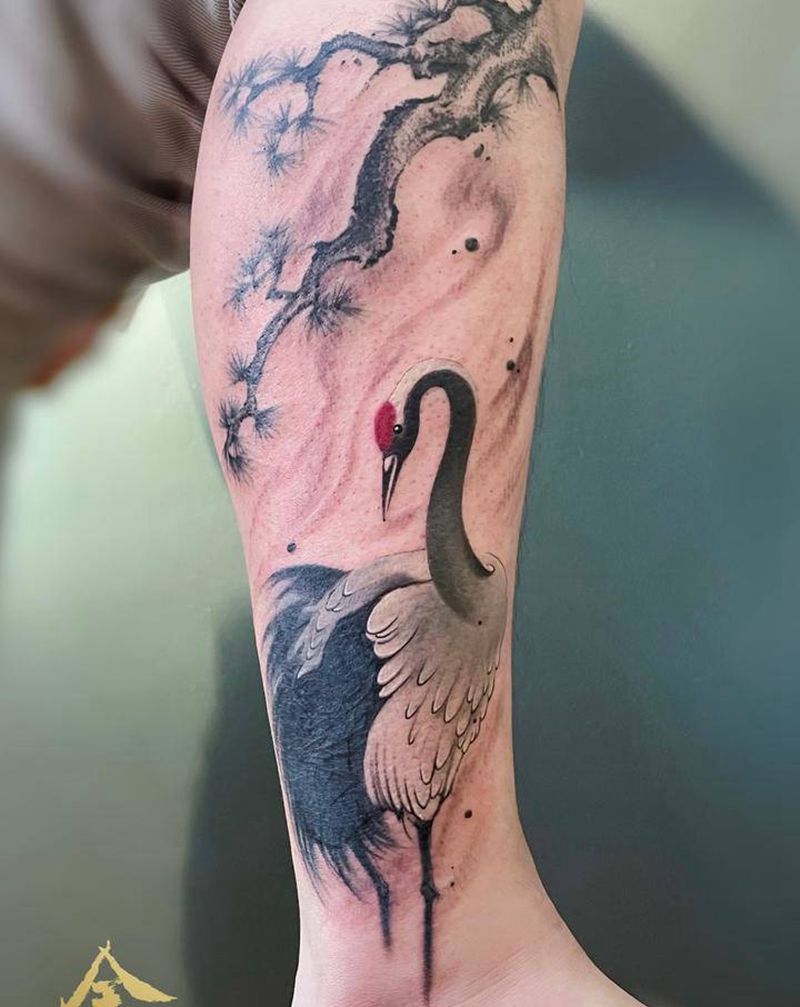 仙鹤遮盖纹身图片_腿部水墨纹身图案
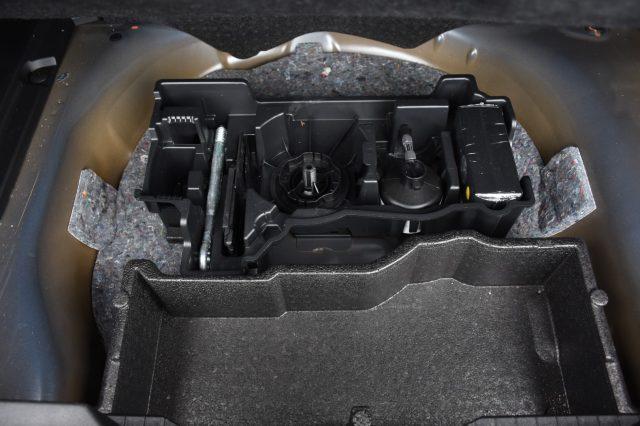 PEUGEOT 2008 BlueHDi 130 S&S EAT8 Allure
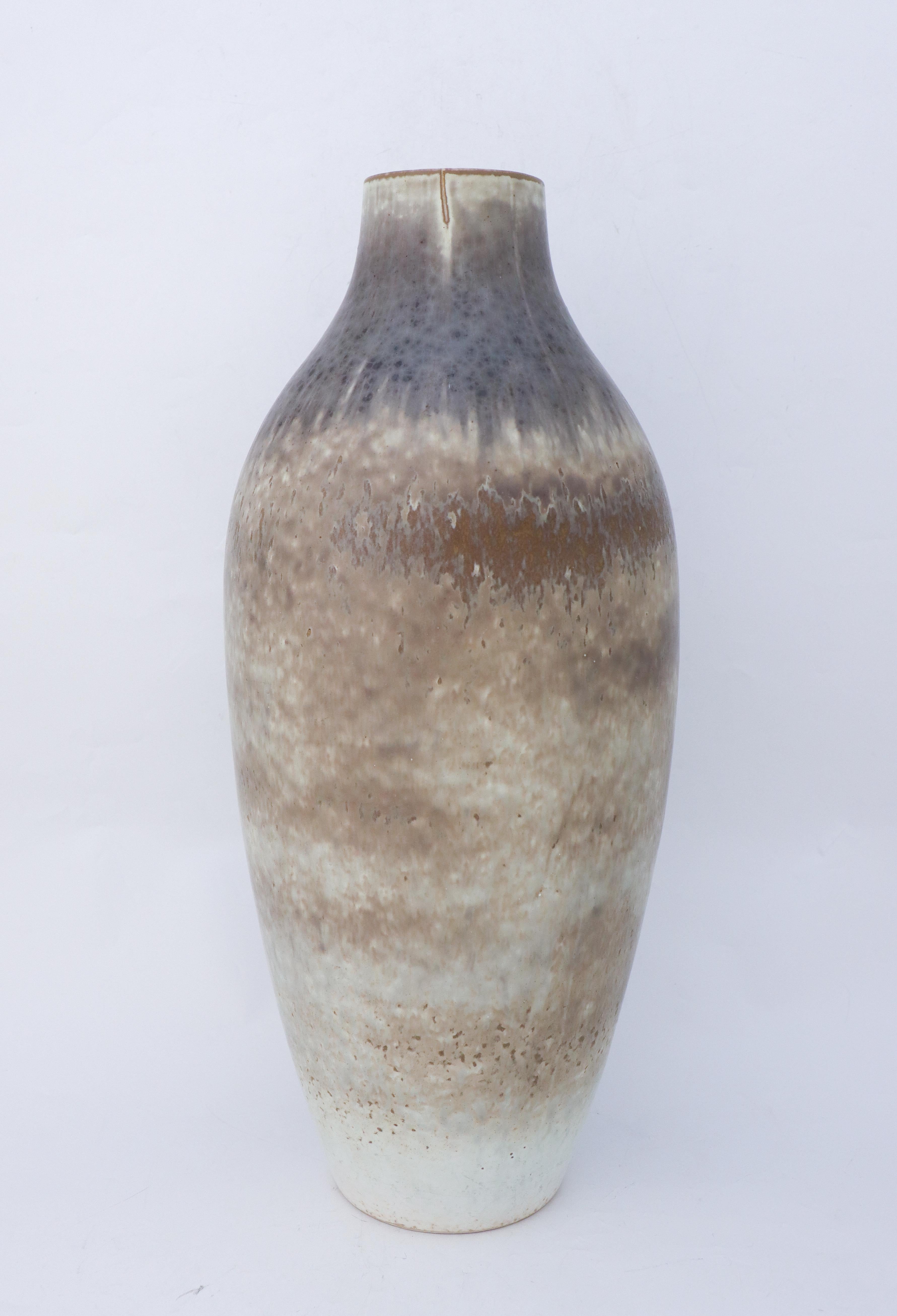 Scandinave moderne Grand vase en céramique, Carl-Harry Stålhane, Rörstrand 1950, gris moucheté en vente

*-*-*

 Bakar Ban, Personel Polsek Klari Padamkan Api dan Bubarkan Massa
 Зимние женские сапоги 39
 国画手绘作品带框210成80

*-*-*

• What is required
Nothing but the lines above from the one that has "PEUGEOT 2008 BlueHDi 130 S&S EAT8 Allure" down to the one that has "Scandinave moderne Grand" belongs in the answer, copied exactly, without pictures.

• The answer
 PEUGEOT 2008 BlueHDi 130 S&S EAT8 Allure
 Scandinave moderne Grand vase en céramique, Carl-Harry Stålhane, Rörstrand 1950, gris moucheté en vente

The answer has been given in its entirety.